**WHAT NEEDS TO BE DONE**. The output is the lines below from the one with "Financial Business team" through the one with "May include: A", both included, printed exactly and with no other line.

**DATA RECORDS**.
------------------------------------------------------------

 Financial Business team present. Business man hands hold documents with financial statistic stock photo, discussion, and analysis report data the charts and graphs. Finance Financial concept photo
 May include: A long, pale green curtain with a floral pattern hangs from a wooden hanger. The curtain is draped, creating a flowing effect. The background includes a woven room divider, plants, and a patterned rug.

------------------------------------------------------------

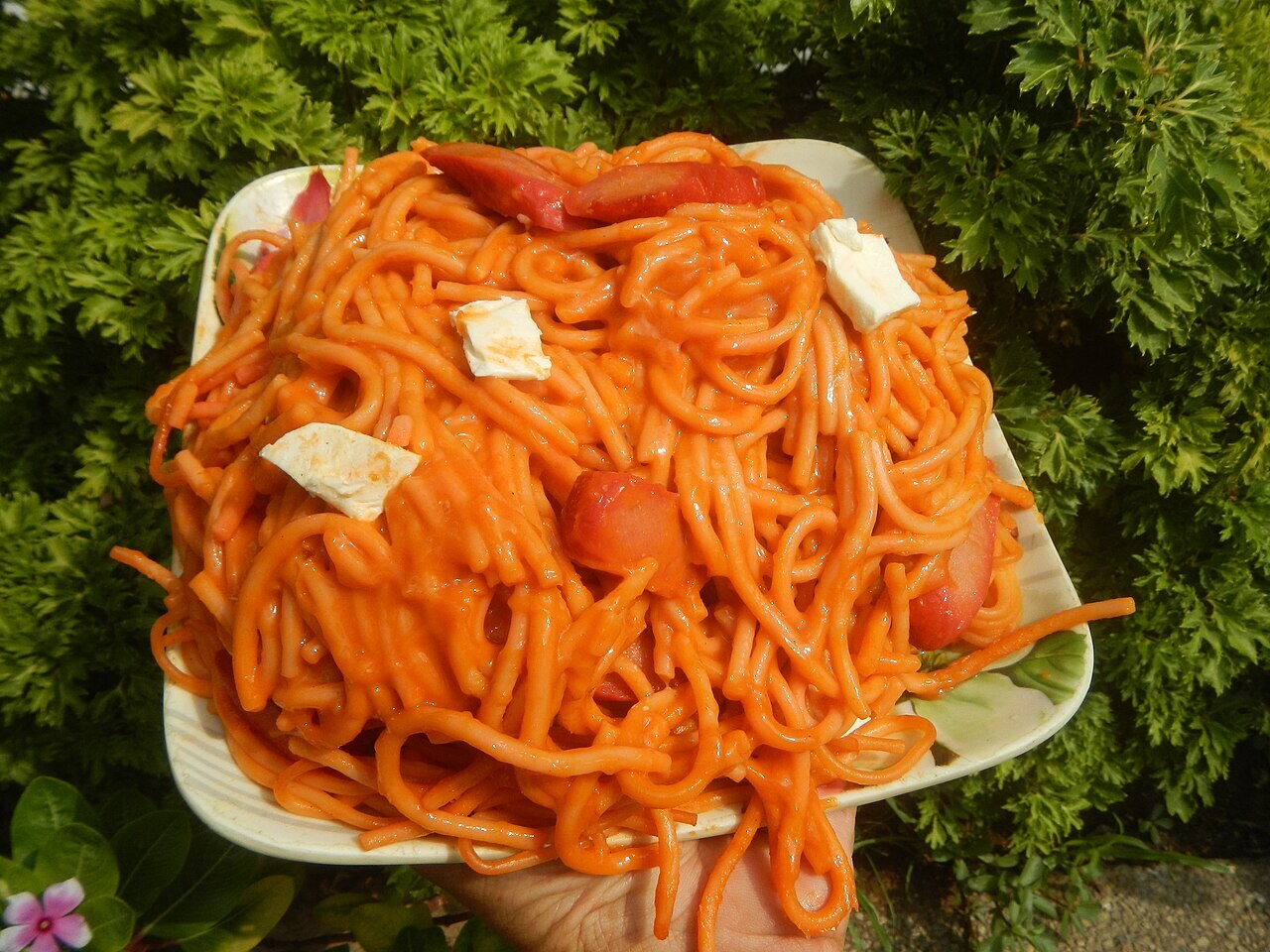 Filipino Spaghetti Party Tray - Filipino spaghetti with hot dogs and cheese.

------------------------------------------------------------

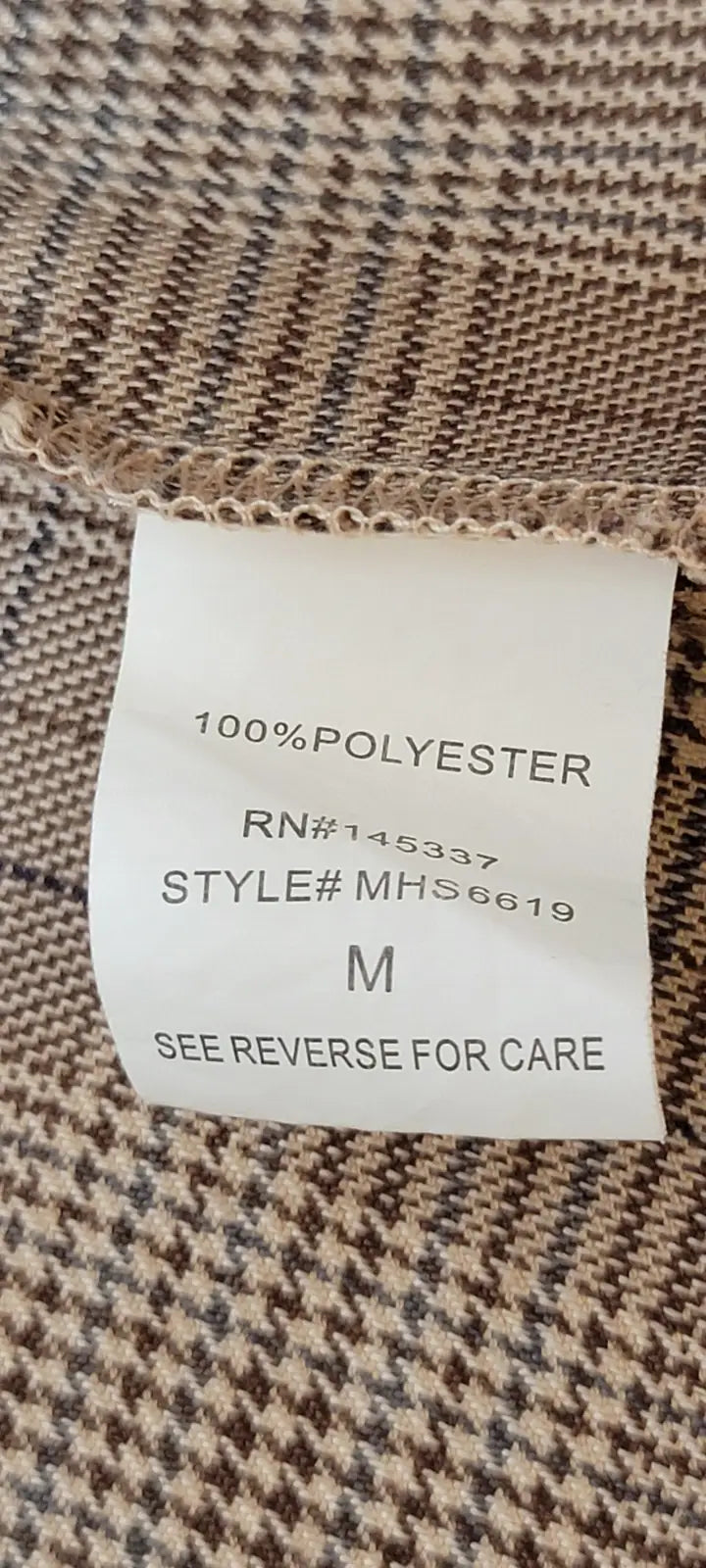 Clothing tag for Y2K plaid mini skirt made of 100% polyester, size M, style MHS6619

------------------------------------------------------------

**WRITTEN SOLUTION**.
 Financial Business team present. Business man hands hold documents with financial statistic stock photo, discussion, and analysis report data the charts and graphs. Finance Financial concept photo
 May include: A long, pale green curtain with a floral pattern hangs from a wooden hanger. The curtain is draped, creating a flowing effect. The background includes a woven room divider, plants, and a patterned rug.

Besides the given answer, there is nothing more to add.